The records below must be transcribed exactly. Do not include the pictures.
SUPPLIED DATA section start
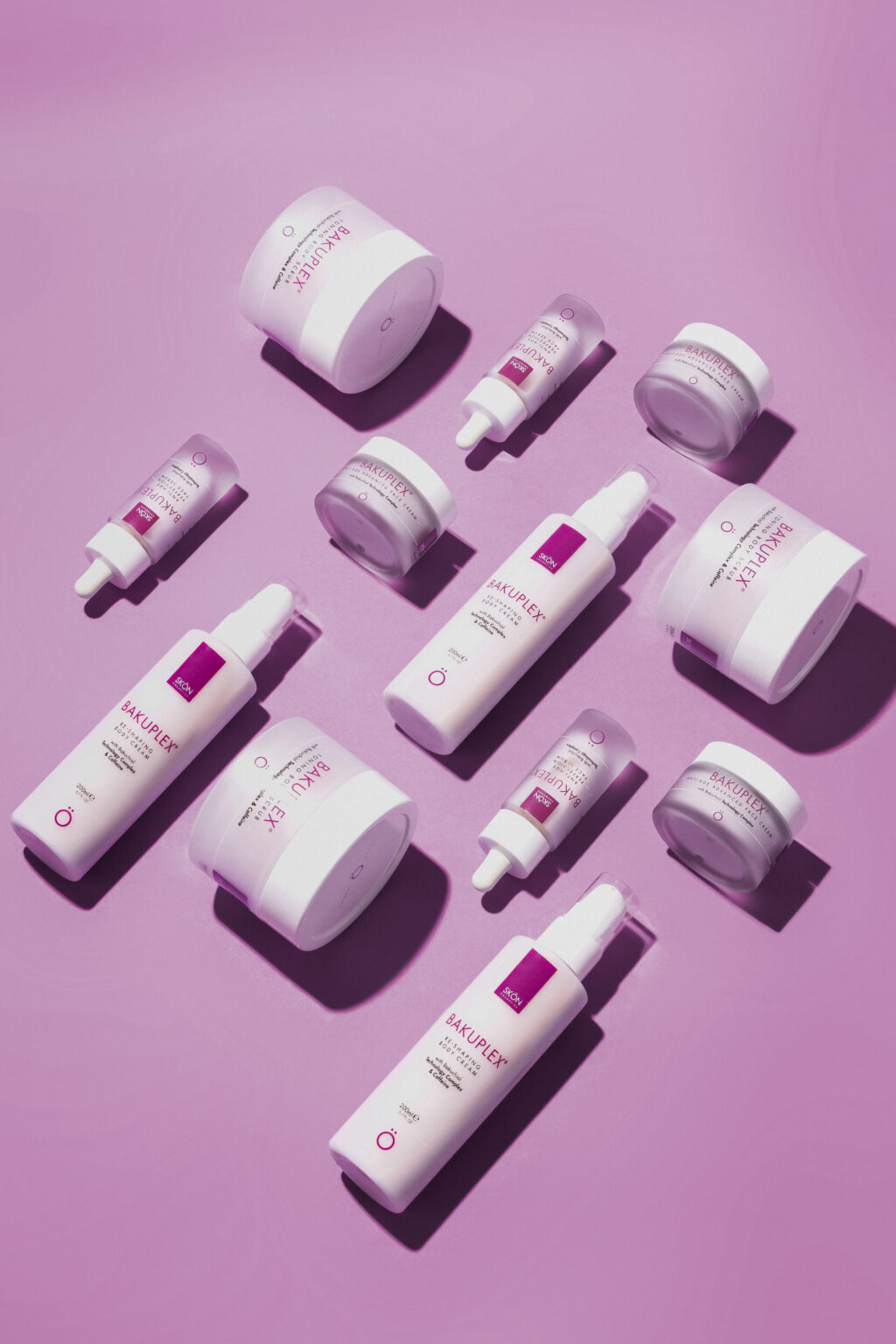 SKÖN COSMETICS STILL LIFE EMOZIONALE 2025 — foto 1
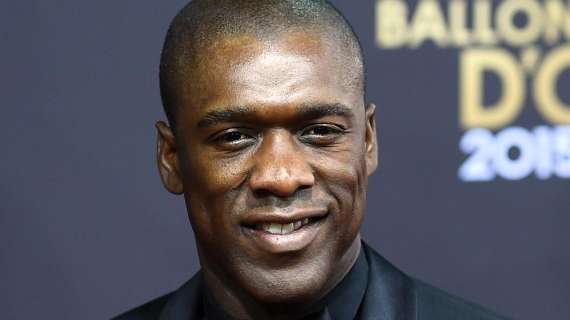 Seedorf: "Italia? Serve riflettere su cosa non funziona"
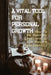 A Vital Tool For Personal Growth: How To Be Healthy Emotionally And Mature Spiritually: Spiritually Mature by Hunter Offill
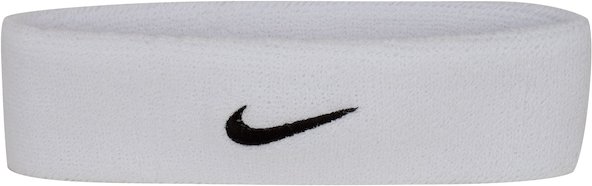 Testeira Nike Swoosh Headband - Adulto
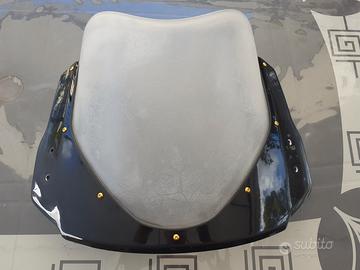 Cupolino mobile multistrada 1000 1100 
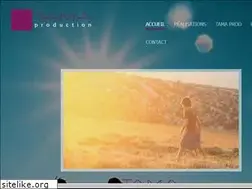 Sites similar to tamaproduction.fr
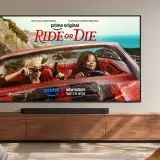 Prime Video porta HDR10+ ADVANCED sulle nuove TV Samsung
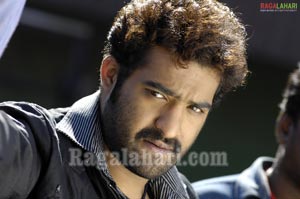 NTR Photo Gallery from Adhurs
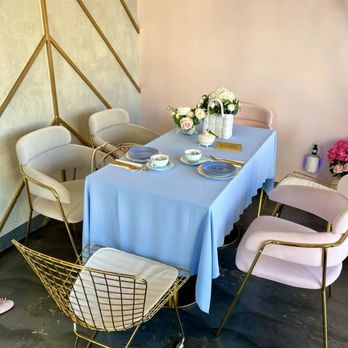 Chant’el Cafe - Seating area - Cafes Near Me - Folsom, California Chant’el Cafe - Seating area - Cafes Near Me - Folsom, California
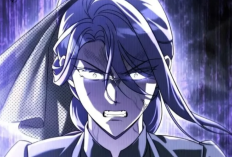 Spoiler Manhwa All My Alter Egos Are Tycoons Chapter 94 Bahasa Indonesia, Kaisar Percaya Sepenuhnya Pada Sang Putri?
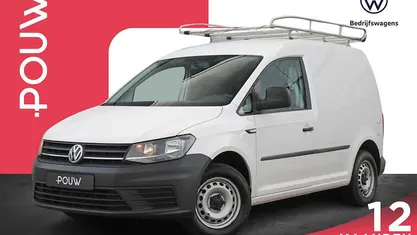 Occasion VW Caddy Trendline 75 PK (55 kW) 2020 MPV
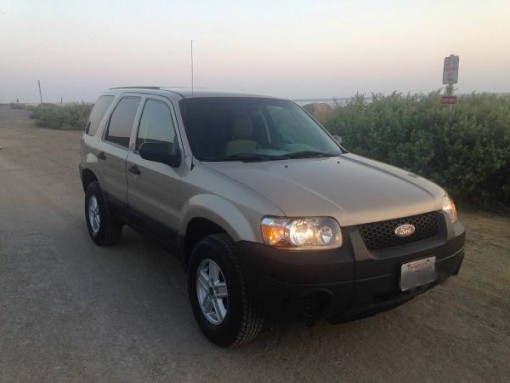 Insurance Quote For 2007 FORD ESCAPE XLT 2WD WAGON 4 DOOR - 2.3L I4  FI           NF $103.26 Per Month 9418723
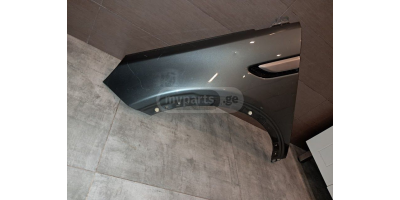 Çamurluk LAND ROVER Discovery Sport 2016-2025 Çamurluk LAND ROVER Discovery Sport 2016-2025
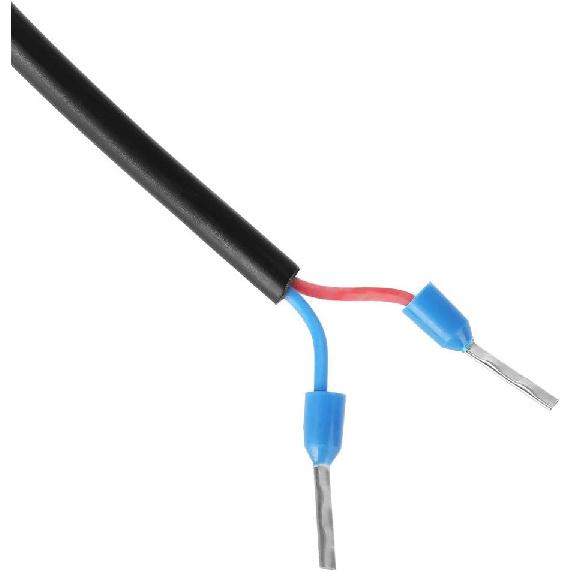 MH1210F Digital Temperature Controller Thermostat -58 To 194℉ Fahrenheit Sensor AC110V, Supports Cooling and Heating Control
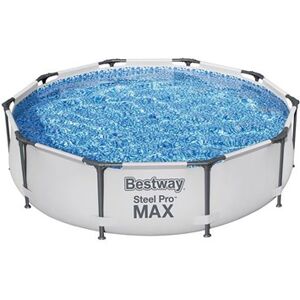 Bestway Steel Pro MAX Pool 3,05 x 0,76m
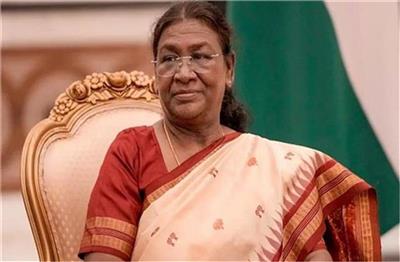 अब इस दिन अंबाला आएंगी राष्ट्रपति द्रौपदी मुर्मू, एयरफोर्स स्टेशन के विशेष कार्यक्रम में होंगी शामिल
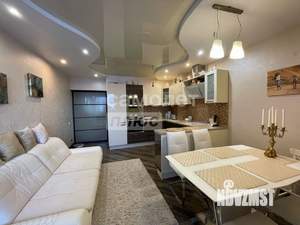 3-к квартира, вторичка, 90м2, 9/10 этаж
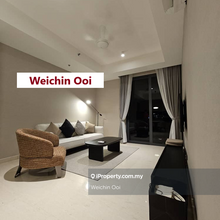 Marriott Residence Sea and City View Unit For Sale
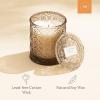 imageLA JOLIE MUSE Tomato ampamp Vine Scented Candle Luxury Candles Gifts for Women Spring Candles for Home Scented Natural Soy Wax Candle 6 oz 40 Hours BurnIsland Coconut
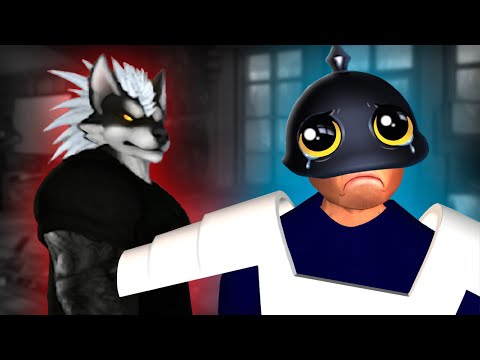 Second Life -  I'm A Homeless Loser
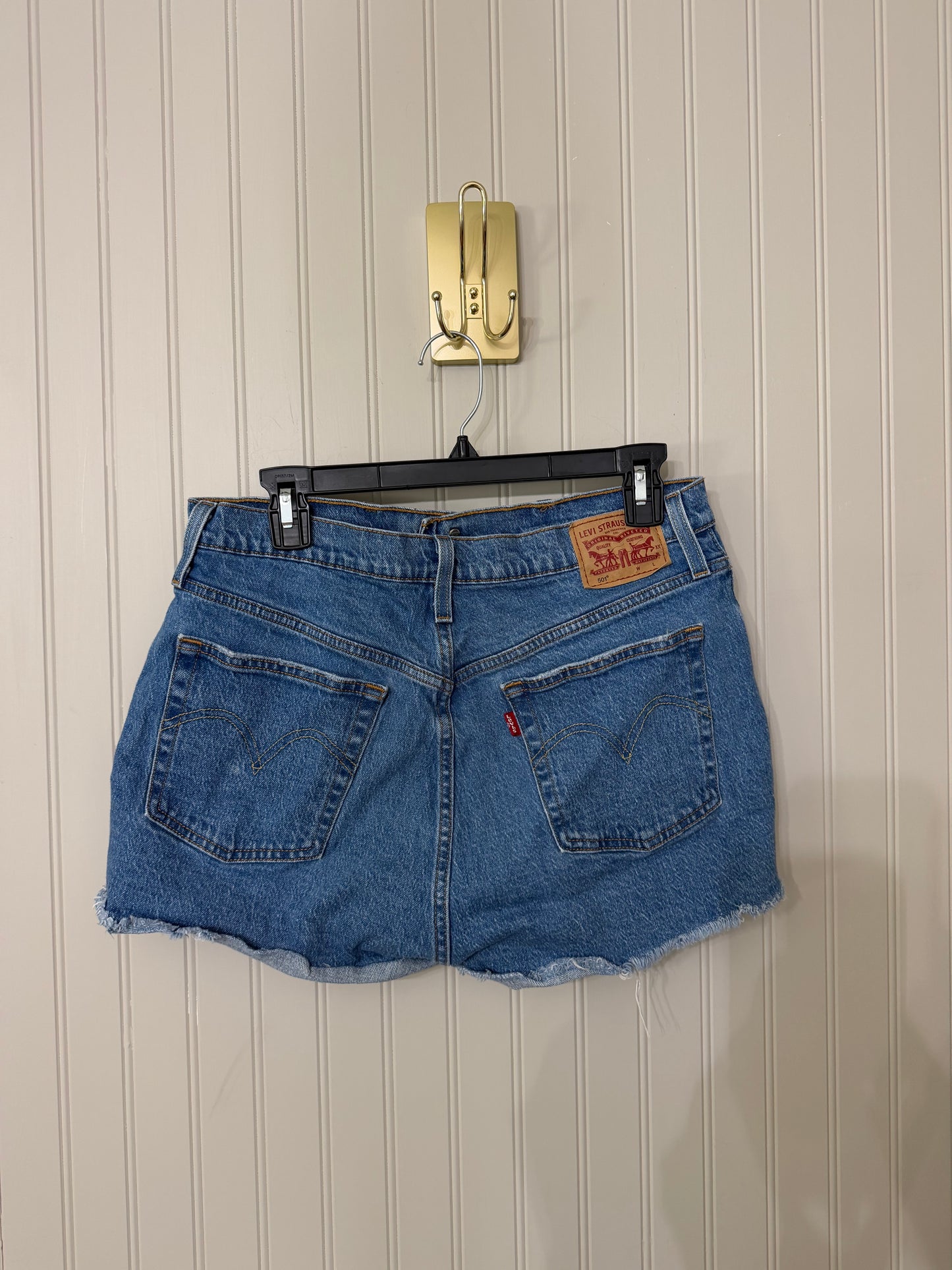 Levi’s Denim Shorts Women’s Size 31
SUPPLIED DATA section end
ANSWER SPACE.
 SKÖN COSMETICS STILL LIFE EMOZIONALE 2025 — foto 1
 Seedorf: "Italia? Serve riflettere su cosa non funziona"
 A Vital Tool For Personal Growth: How To Be Healthy Emotionally And Mature Spiritually: Spiritually Mature by Hunter Offill
 Testeira Nike Swoosh Headband - Adulto
 Cupolino mobile multistrada 1000 1100 
 Sites similar to tamaproduction.fr
 Prime Video porta HDR10+ ADVANCED sulle nuove TV Samsung
 NTR Photo Gallery from Adhurs
 Chant’el Cafe - Seating area - Cafes Near Me - Folsom, California Chant’el Cafe - Seating area - Cafes Near Me - Folsom, California
 Spoiler Manhwa All My Alter Egos Are Tycoons Chapter 94 Bahasa Indonesia, Kaisar Percaya Sepenuhnya Pada Sang Putri?
 Occasion VW Caddy Trendline 75 PK (55 kW) 2020 MPV
 Insurance Quote For 2007 FORD ESCAPE XLT 2WD WAGON 4 DOOR - 2.3L I4  FI           NF $103.26 Per Month 9418723
 Çamurluk LAND ROVER Discovery Sport 2016-2025 Çamurluk LAND ROVER Discovery Sport 2016-2025
 MH1210F Digital Temperature Controller Thermostat -58 To 194℉ Fahrenheit Sensor AC110V, Supports Cooling and Heating Control
 Bestway Steel Pro MAX Pool 3,05 x 0,76m
 अब इस दिन अंबाला आएंगी राष्ट्रपति द्रौपदी मुर्मू, एयरफोर्स स्टेशन के विशेष कार्यक्रम में होंगी शामिल
 3-к квартира, вторичка, 90м2, 9/10 этаж
 Marriott Residence Sea and City View Unit For Sale
 imageLA JOLIE MUSE Tomato ampamp Vine Scented Candle Luxury Candles Gifts for Women Spring Candles for Home Scented Natural Soy Wax Candle 6 oz 40 Hours BurnIsland Coconut
 Second Life -  I'm A Homeless Loser
 Levi’s Denim Shorts Women’s Size 31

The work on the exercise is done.